DuPonts and Wyeths Lived Here

The Brandywine Valley gave rise to two 20th-century dynasties: one aristocratic and one artistic. Their homes can tell you stories.


A period room inside Winterthur. Photo by Lizzie Himmel, courtesy of Winterthur Museum

It’s hard to imagine another nearby attraction rivaling Longwood Gardens in the big-spending category, but the estate of Henry Francis du Pont does just that—albeit with an obsession of a different sort. Winterthur is an imposing nine-story, 175-room house that can only be called gargantuan. (Downton Abbey comes to mind.) And it contains one of the world’s most renowned collections of American furnishings and antiquities.

I make a conscious decision on arrival to take the tram through the gardens. They’re less formal than those of Longwood but no less lovely. An antiques collector and trained horticulturalist, Henry preferred natural landscaping that blended with the hills and forest. Swaths of blue blooms (scilla and chionodoxa, our tram driver informs us) blanket the March Bank, which is blooming right on schedule.

As we reach the mansion’s grand front door, I imagine being a party guest back in the day.
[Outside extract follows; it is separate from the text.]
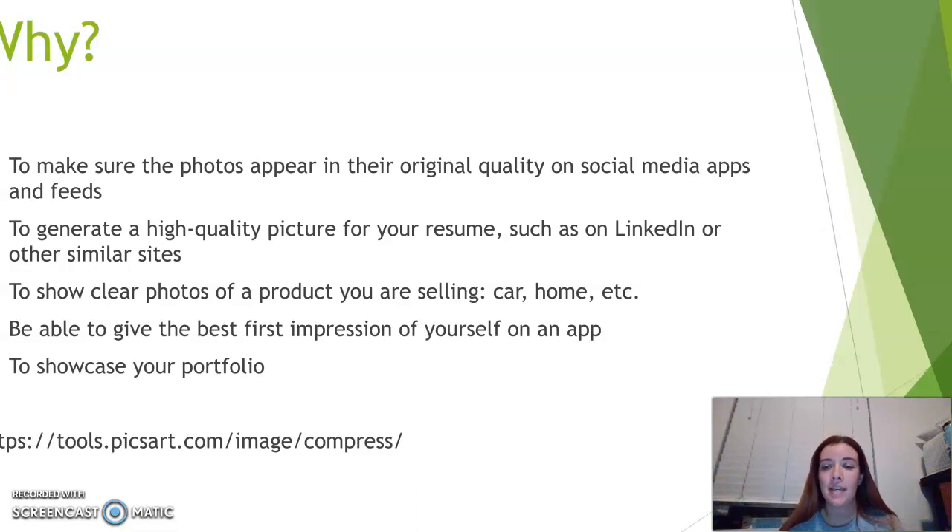It can help you to have the best first impression of yourself on an app, whatever that may be. It can also help you to showcase your portfolio, which is something we're learning about.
Four generations of du Ponts lived on this nearly 1,000-acre estate, from 1837 to 1951, until the house was opened to the public and its incumbent residents moved into the “cottage” (now the gift shop). With 90,000 objects inside, Winterthur is considered the world’s premier museum of 17th- through 19th-century American antiques and decorative arts. Much of the collection is on display in both the period rooms and the galleries.

Once inside, a guide leads us through rooms decorated to represent different historic genres, with a focus on the spaces the family used when entertaining in the 1930s and 1940s. A quick elevator ride and we’re suddenly immersed in opulence, later making our way down to an Empire-style room from 1933, all marble and gilt.
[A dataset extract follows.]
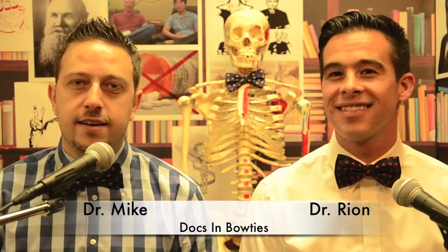Hello everyone, I'm Dr. Mike, this is Dr. Ryan, and we're Docs in Bowties. What are we talking about today? How do we know what to get organic, what to get non-GMO?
As my eyes dance from priceless object to priceless object, I have to confess that my senses are a bit overwhelmed after the relative simplicity of the Wyeth sites. Winterthur’s collections are so vast that you can even book a customized tour of, say, Chinese export porcelain or just Chippendale furniture.

Soon, the sunny gardens lure me back outside to wander and think about how we humans interpret and play with our surroundings—until it’s time to meet a friend for dinner.